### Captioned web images
────

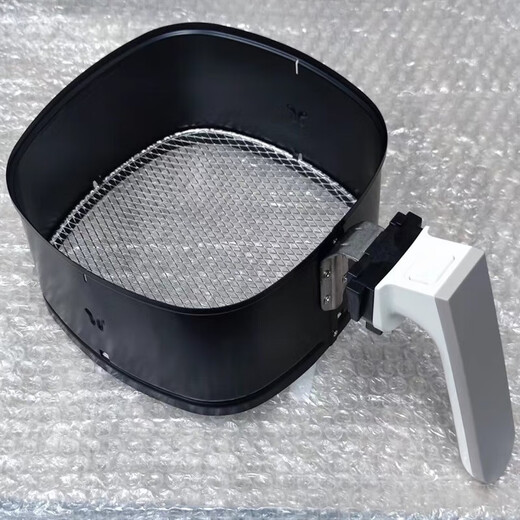 
Suitable for Philips air fryer accessories HD9220HD9215HD9216/9230/9233 frying basket baking HD9220HD9230HD9232 blue and white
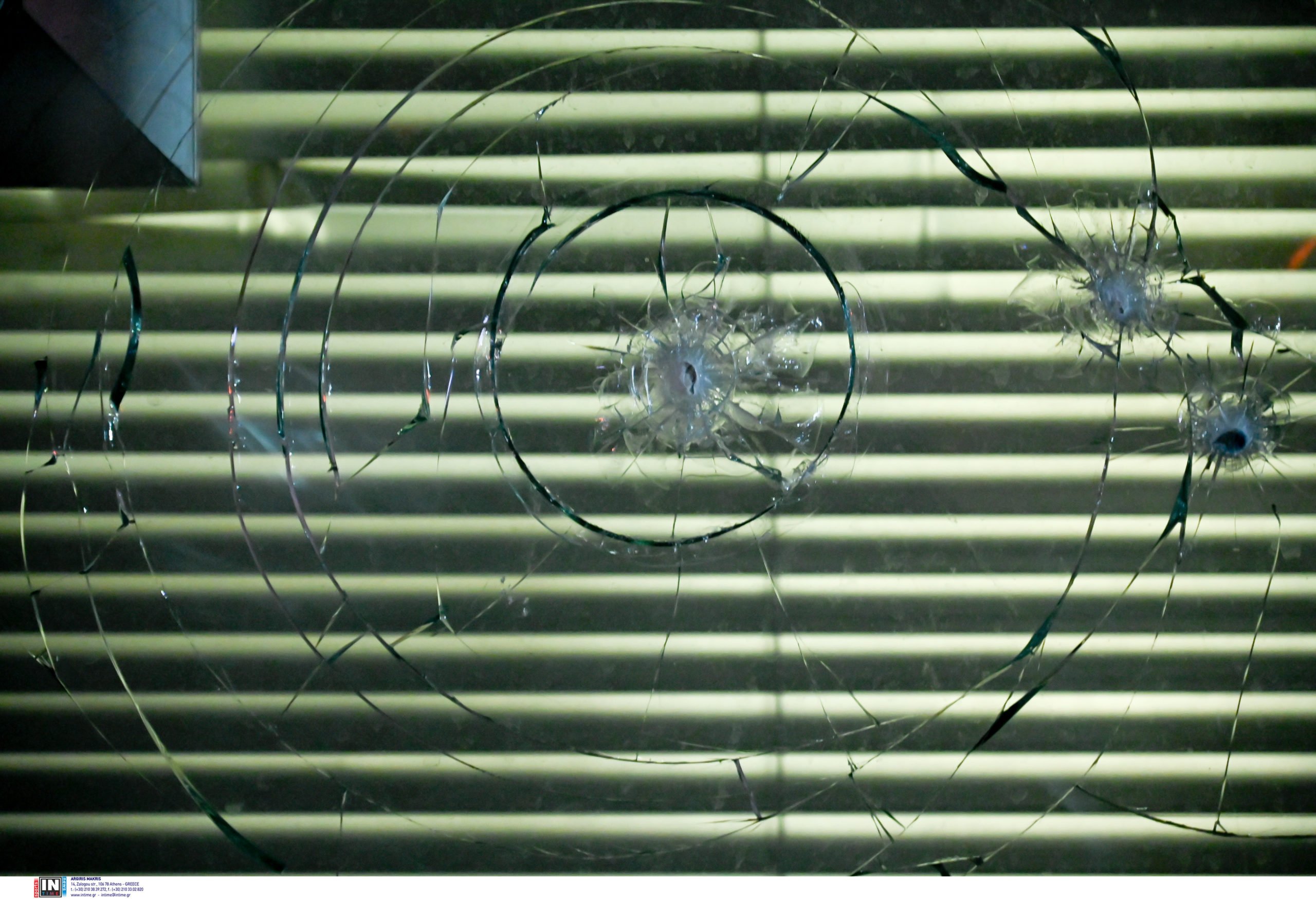 Κυψέλη Καταδρομική επίθεση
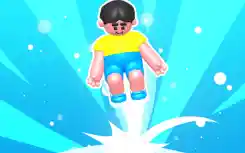 Lazy Jump Online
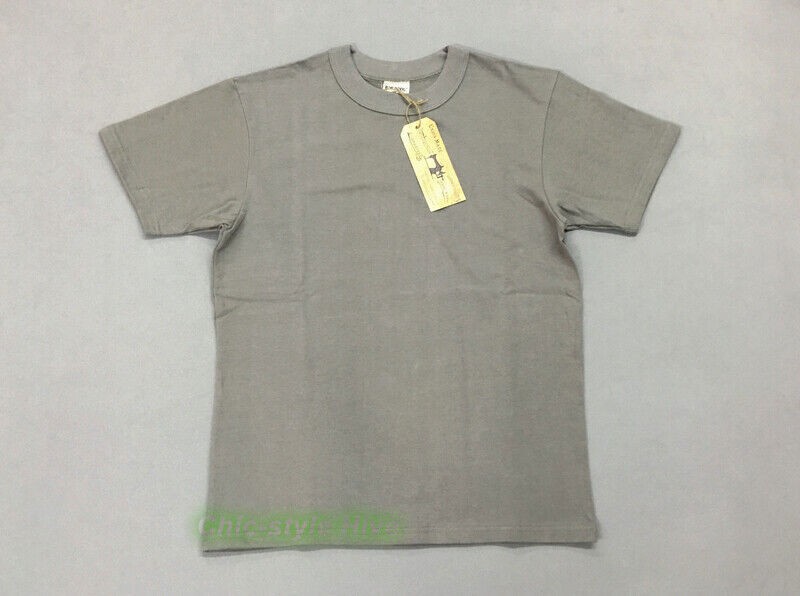 BOB DONG 300gr Basic T Shirts Summer Heavyweight Cotton Men’s Plain T-Shirts Top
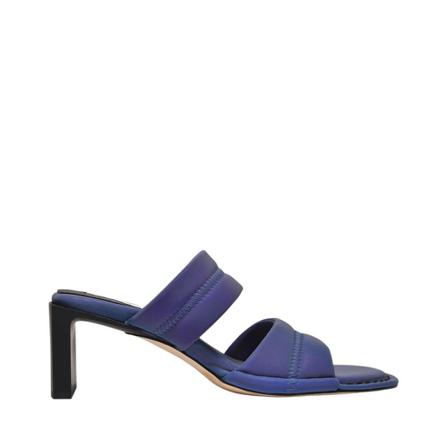 Miista, High Heel Sandals Niebieski, Kobieta, Rozmiar: 37 EU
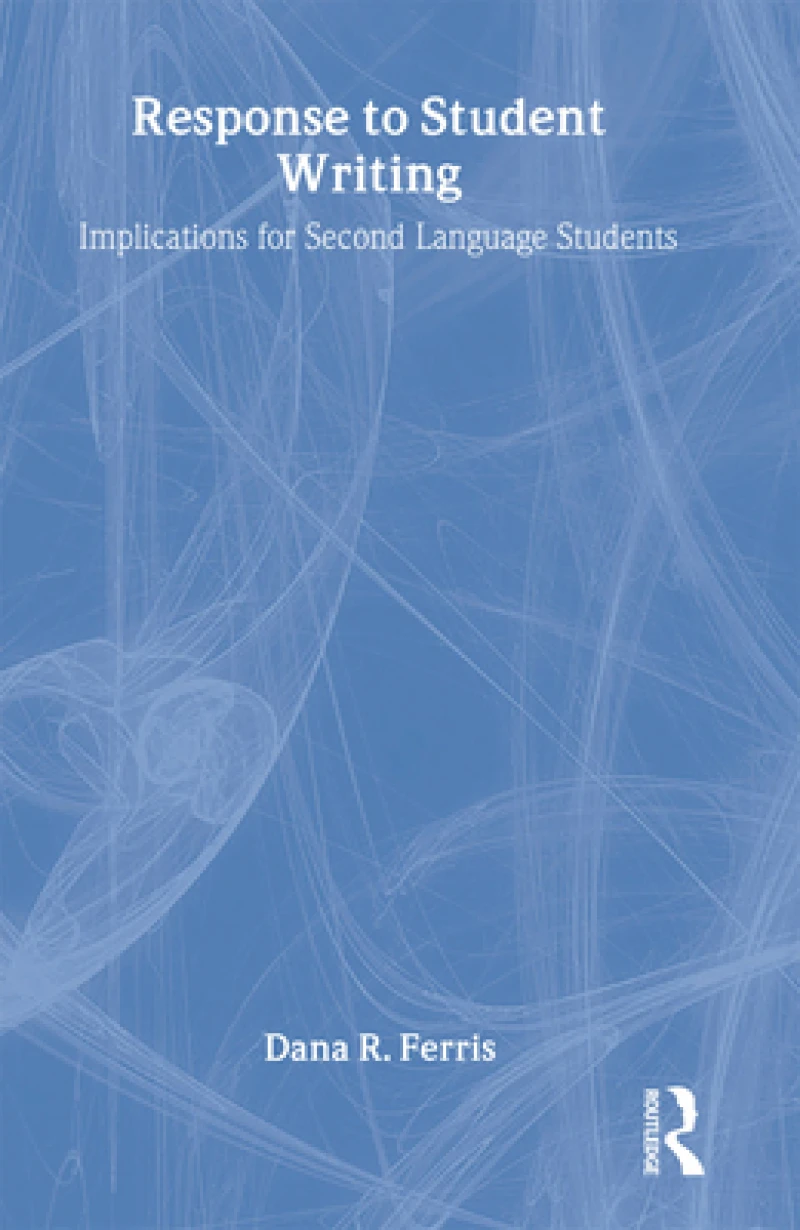 Response To Student Writing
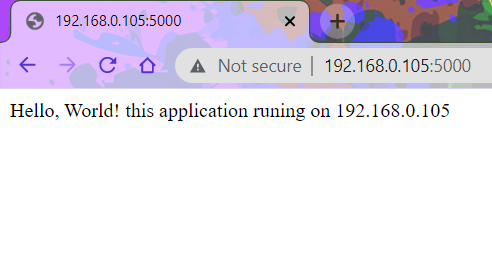 development-server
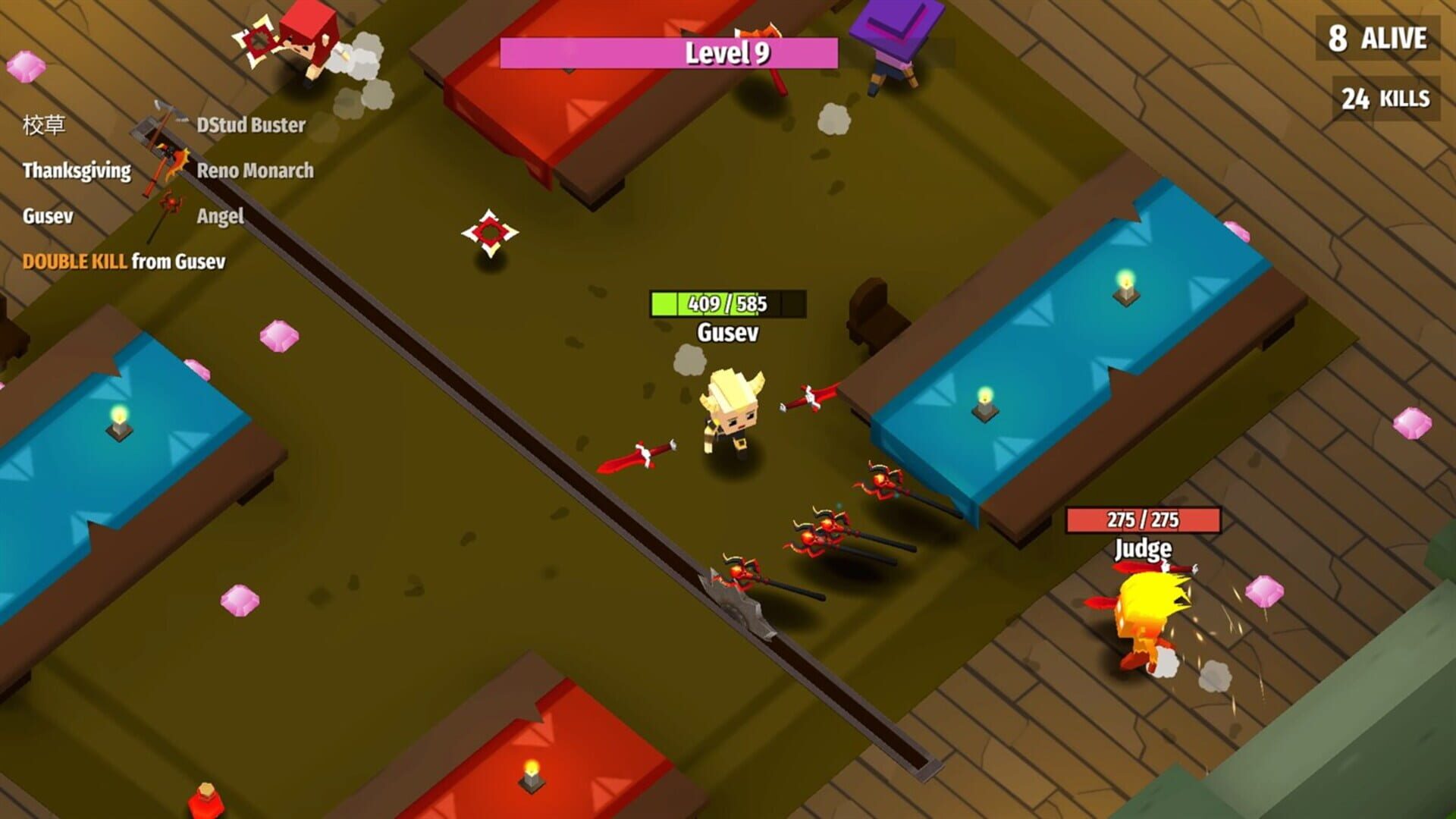 Screenshot for Axes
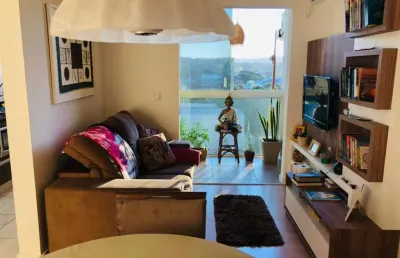 Apartamento com 2 quartos à venda na rua caxias do sul, 95, rincão, novo hamburgo por r$ 390.000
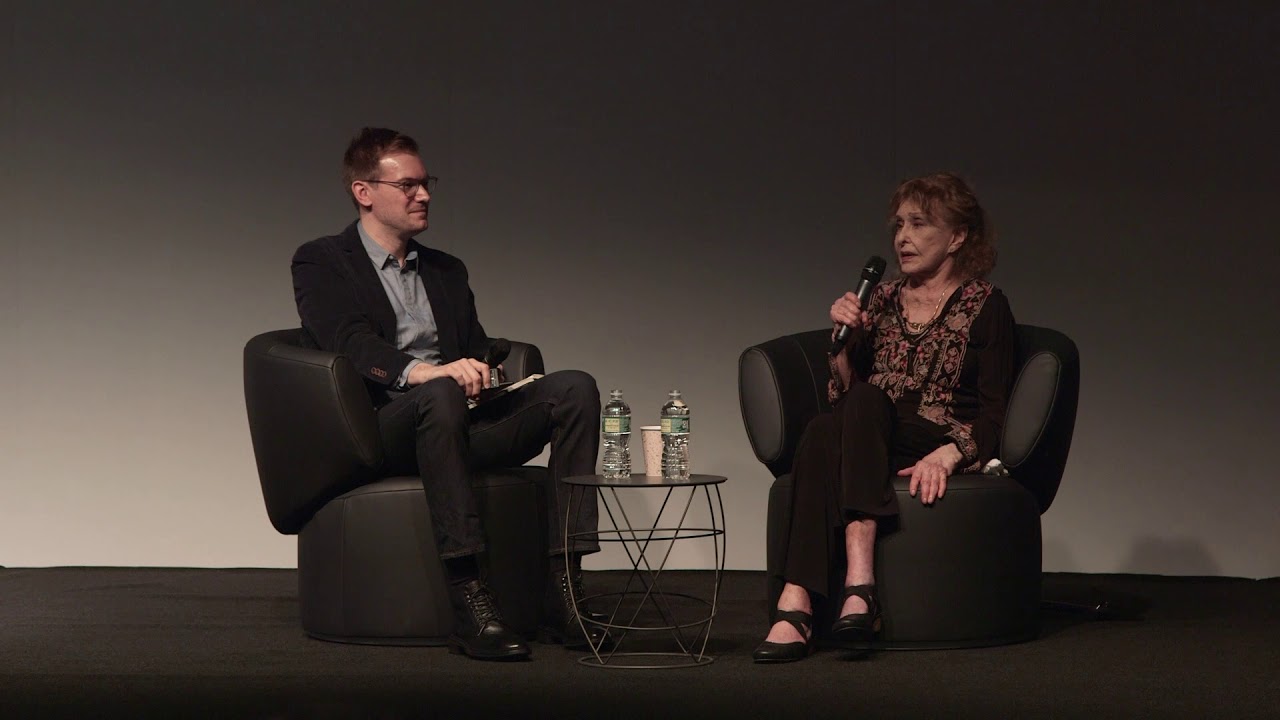Armory Live: Artist Talk | Carolee Schneemann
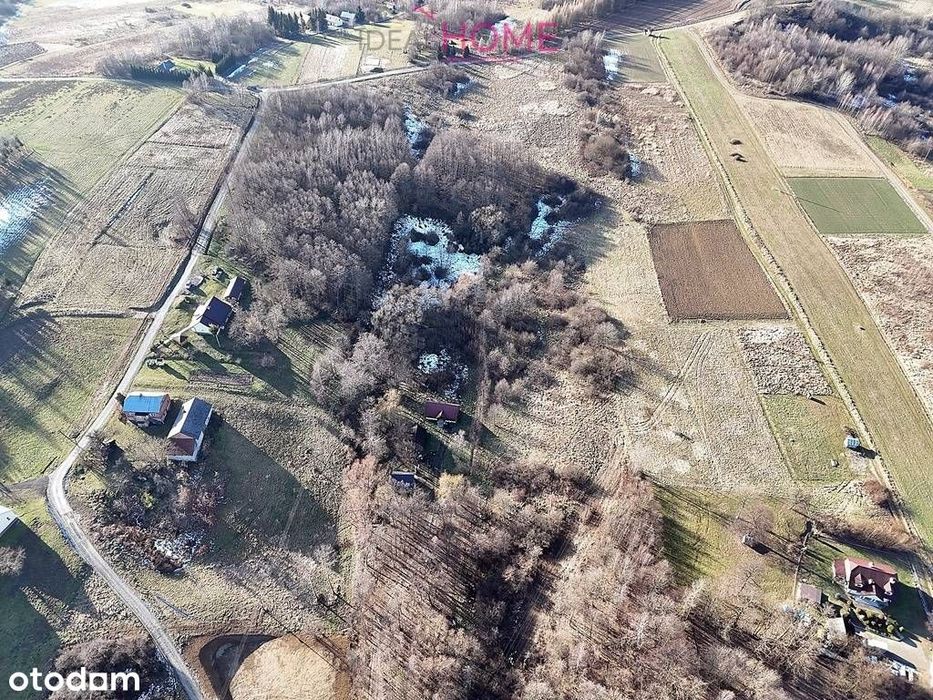 Działka na sprzedaż 94a - Nowy Borek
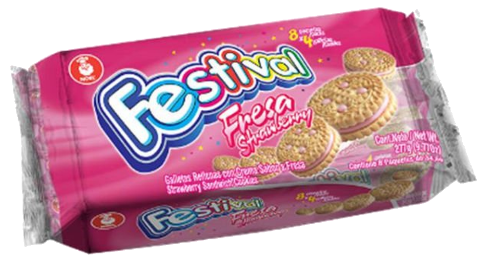 Festival (Strawberry)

────

### ABOUT THIS TASK
Pictures don't belong in the copy. Retype exactly the lines from the one with "Κυψέλη Καταδρομική επίθεση" through the last line of the records.

### RESPONSE BELOW
 Κυψέλη Καταδρομική επίθεση
 Lazy Jump Online
 BOB DONG 300gr Basic T Shirts Summer Heavyweight Cotton Men’s Plain T-Shirts Top
 Miista, High Heel Sandals Niebieski, Kobieta, Rozmiar: 37 EU
 Response To Student Writing
 development-server
 Screenshot for Axes
 Apartamento com 2 quartos à venda na rua caxias do sul, 95, rincão, novo hamburgo por r$ 390.000
Armory Live: Artist Talk | Carolee Schneemann
 Działka na sprzedaż 94a - Nowy Borek
 Festival (Strawberry)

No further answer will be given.